▶ [YOUR TASK] Could you return each entry below exactly as written, minus any pictures?

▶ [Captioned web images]
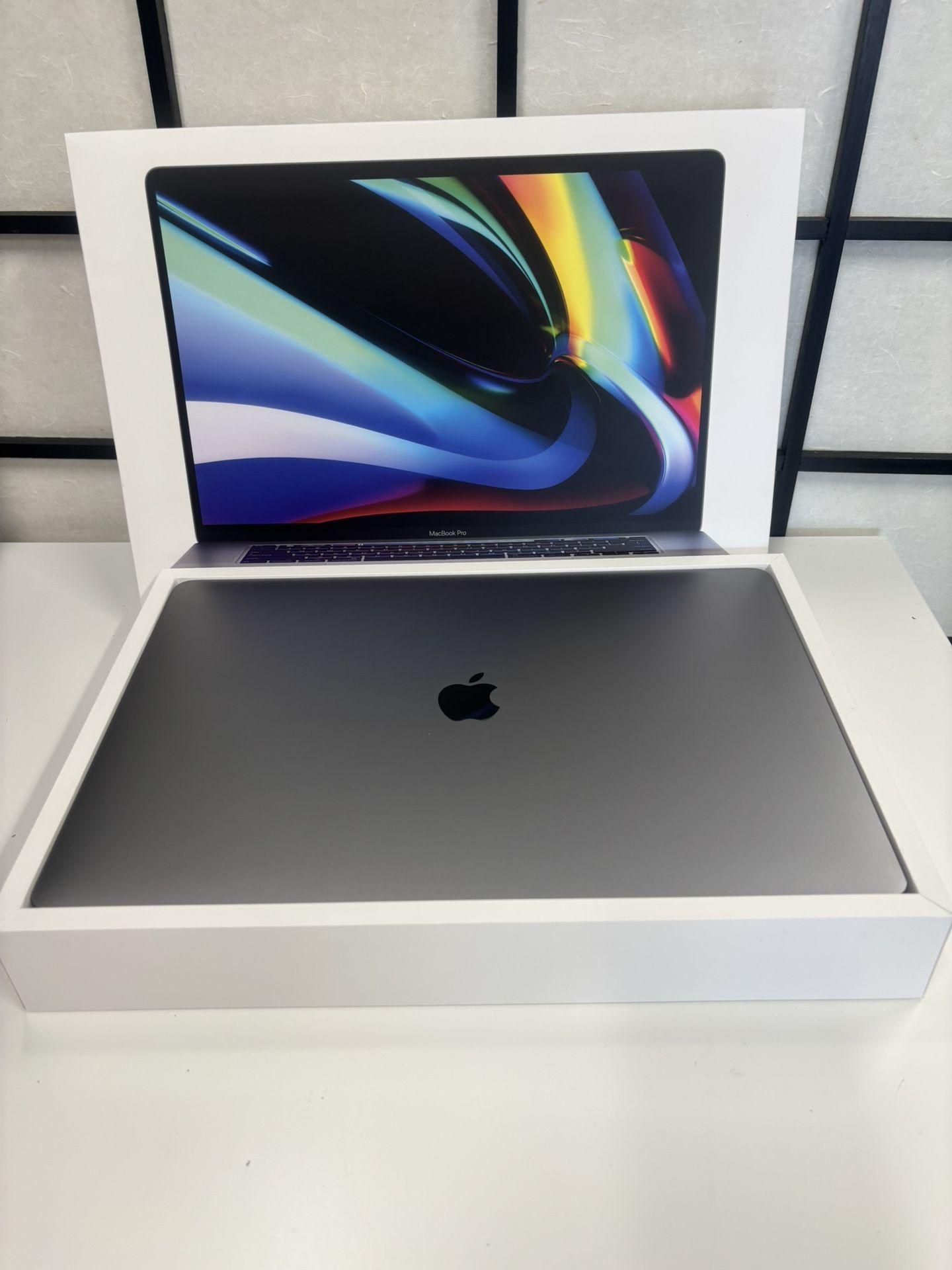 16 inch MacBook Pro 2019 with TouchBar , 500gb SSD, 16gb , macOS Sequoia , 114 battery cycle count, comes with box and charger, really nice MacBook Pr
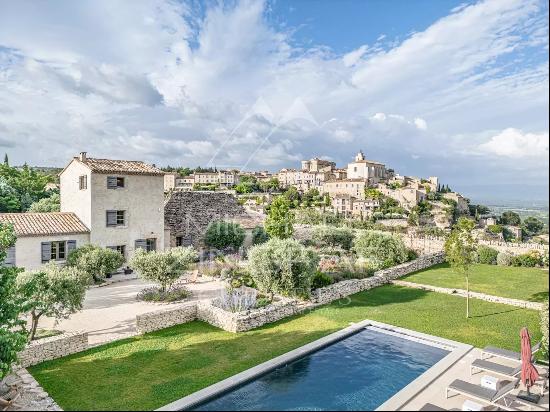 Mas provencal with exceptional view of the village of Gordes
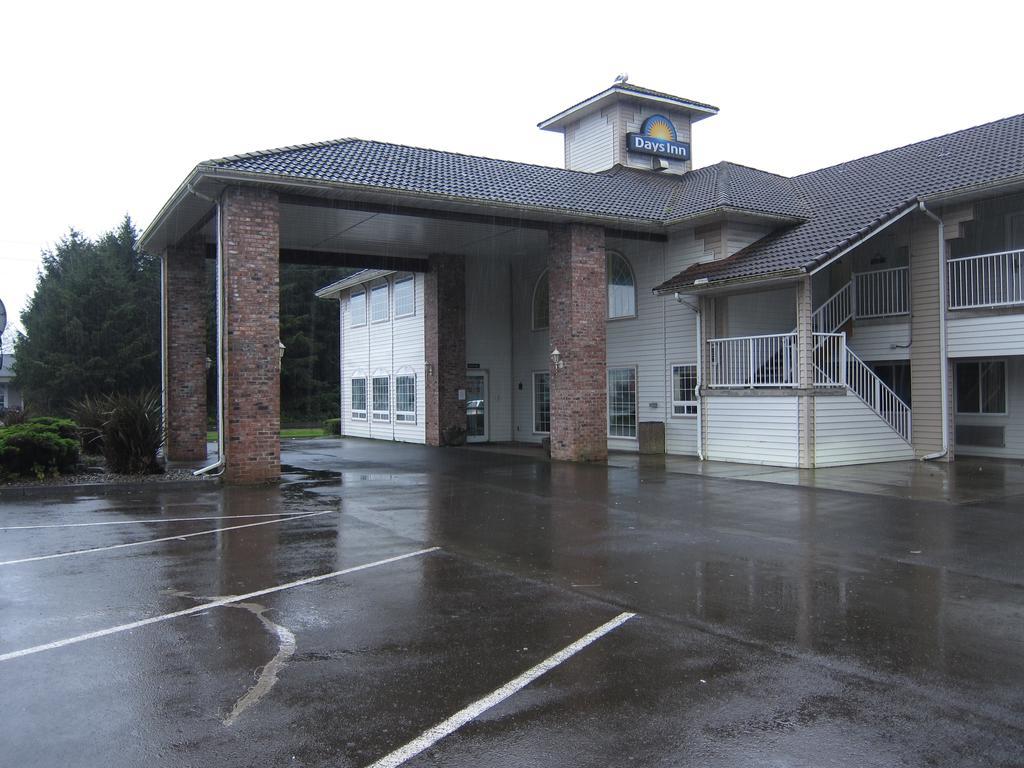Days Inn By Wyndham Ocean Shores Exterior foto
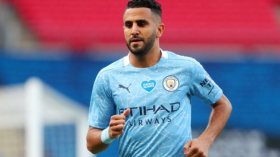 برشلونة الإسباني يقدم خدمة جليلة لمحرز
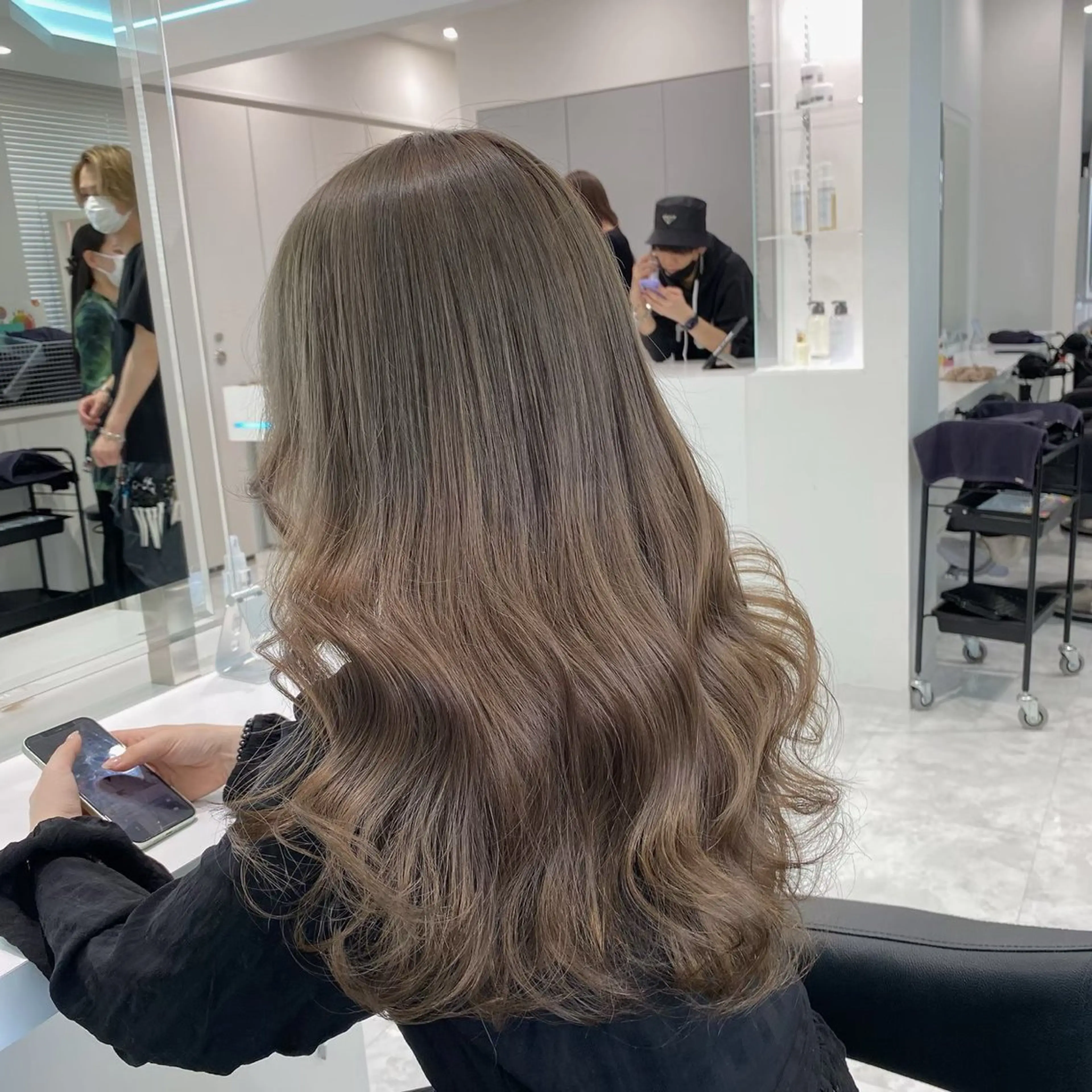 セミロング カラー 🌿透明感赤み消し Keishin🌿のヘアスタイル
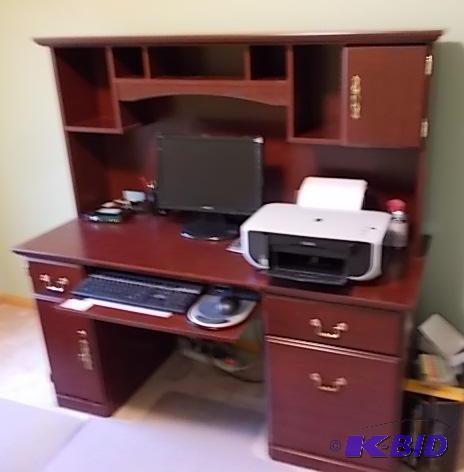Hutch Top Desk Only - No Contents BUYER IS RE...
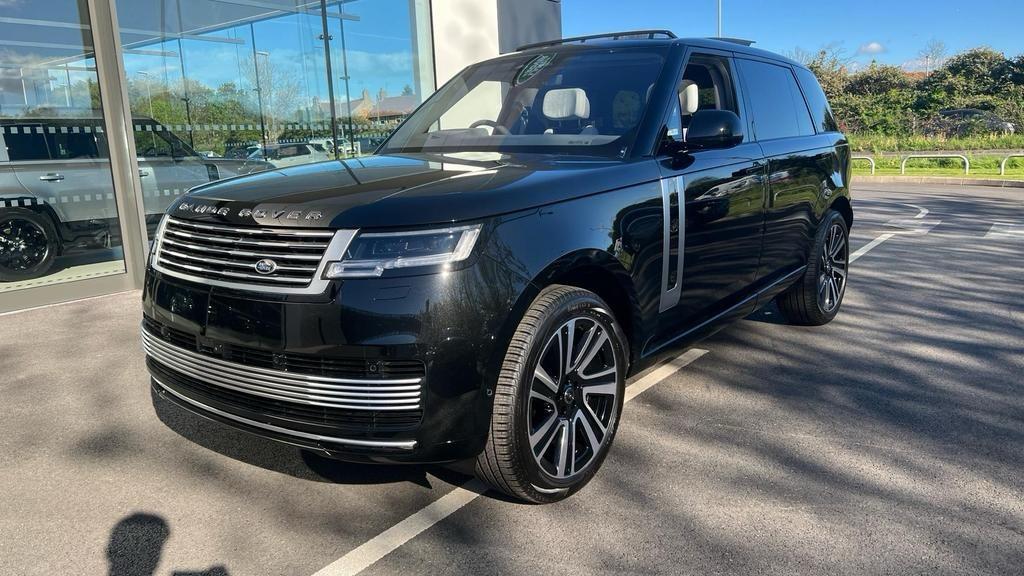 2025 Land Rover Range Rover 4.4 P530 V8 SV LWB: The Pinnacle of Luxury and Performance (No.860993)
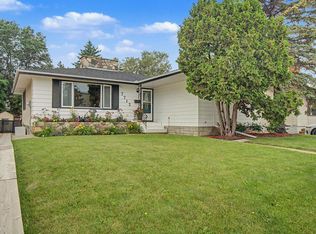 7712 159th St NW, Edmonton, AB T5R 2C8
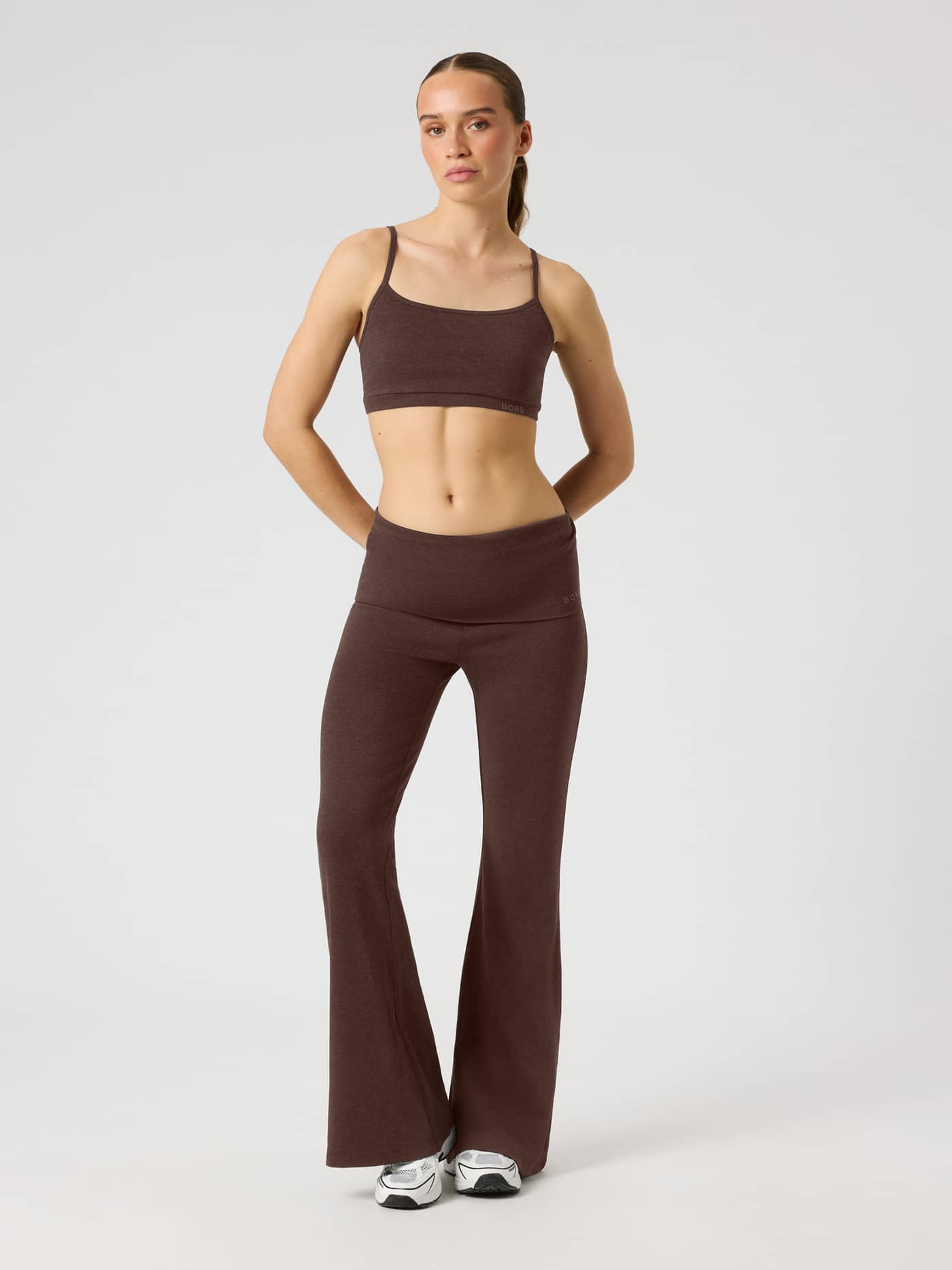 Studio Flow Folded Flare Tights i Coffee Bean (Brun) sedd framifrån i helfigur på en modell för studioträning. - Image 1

▶ [RESULT]
 16 inch MacBook Pro 2019 with TouchBar , 500gb SSD, 16gb , macOS Sequoia , 114 battery cycle count, comes with box and charger, really nice MacBook Pr
 Mas provencal with exceptional view of the village of Gordes
Days Inn By Wyndham Ocean Shores Exterior foto
 برشلونة الإسباني يقدم خدمة جليلة لمحرز
 セミロング カラー 🌿透明感赤み消し Keishin🌿のヘアスタイル
Hutch Top Desk Only - No Contents BUYER IS RE...
 2025 Land Rover Range Rover 4.4 P530 V8 SV LWB: The Pinnacle of Luxury and Performance (No.860993)
 7712 159th St NW, Edmonton, AB T5R 2C8
 Studio Flow Folded Flare Tights i Coffee Bean (Brun) sedd framifrån i helfigur på en modell för studioträning. - Image 1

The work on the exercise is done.